Deccan Aviation’s Losses Mount To $58 Million In Nine Months
Deccan Aviation is not out of the woods yet contrary to the optimism shown by the management in the past about an ongoing turn-around. The private equity-backed low cost airline company has posted a loss of Rs 213 crore ($50.7 million) in the quarter ended March 31, 2007. (See BSE filing.)
The company attributes this to high operational costs and a weak domestic yield. Apparently, February and March are inherently weak months for the travel industry. The airline had last quarter (ended December 31, 2006) posted a profit of Rs 9.64 crore.
In Q3 (Deccan’s financial year is from June-June) ended March 31, 2006-07, Deccan Aviation registered revenues of 457.45 crore, 66.34 per cent higher than the same quarter last year. The operating losses were Rs 183.78 crore. The net loss was Rs 213 crore. For the first nine-month period ended March 31 the net losses were Rs 244 crore. The airline has improved its load factor to 83 per cent from 71.75 per cent. It also carried 1.7 million passengers compared to 1.07 million and operated 350 flights per day as against 230 flights in the same period last year.
Capt G R Gopinath, managing director, Deccan Aviation, has attributed the losses to high fuel prices (which are above $65 a barrel), and a lean season and other one-off expenditures.

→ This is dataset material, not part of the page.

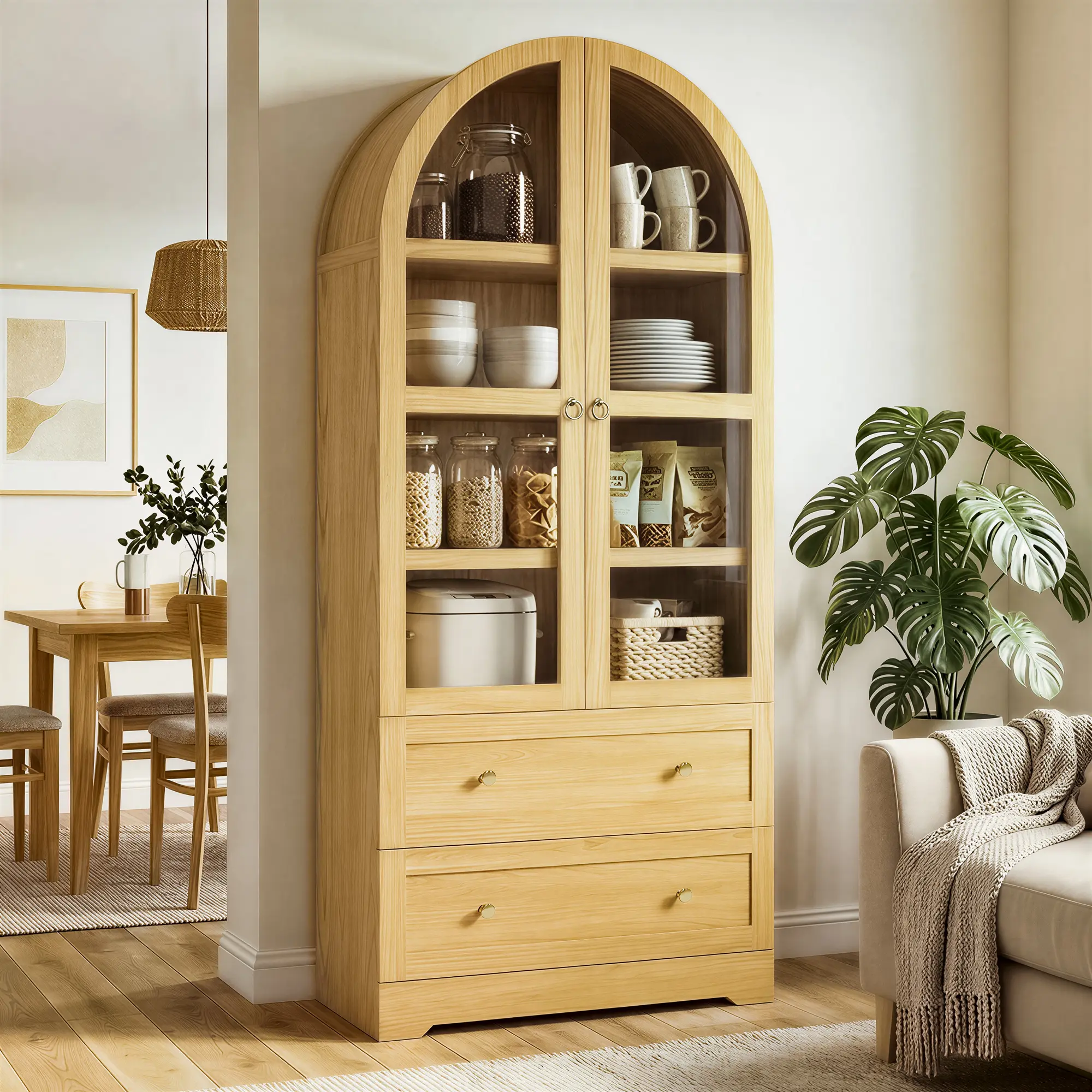 LIKIMIO 71" Tall Arch-Shaped Floor-Mounted Farmhouse Wood Storage Cabinet Chest - Glass Doors, 2 Large Drawers, Adjustable Shelves, Curved Tall Cupboard Sideboard for Home Organization Storage in Kitchen, Dining Room,dorm essentials,home decor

ICICI Venture Funds Management and Capital International have invested in Deccan Aviation. The company is in the markets again to raise about $100 million, and is in talks with firms like Reliance Capital and TPG Partners.



05/1/07, 7:22 PM |
Any industry that has a high fixed cost and a close to zero marginal cost of producing an additional unit will perenially suffer from cut throat competition. Investments in such industries should be avoided unless a particular firm has a specific economic/regulatory moat.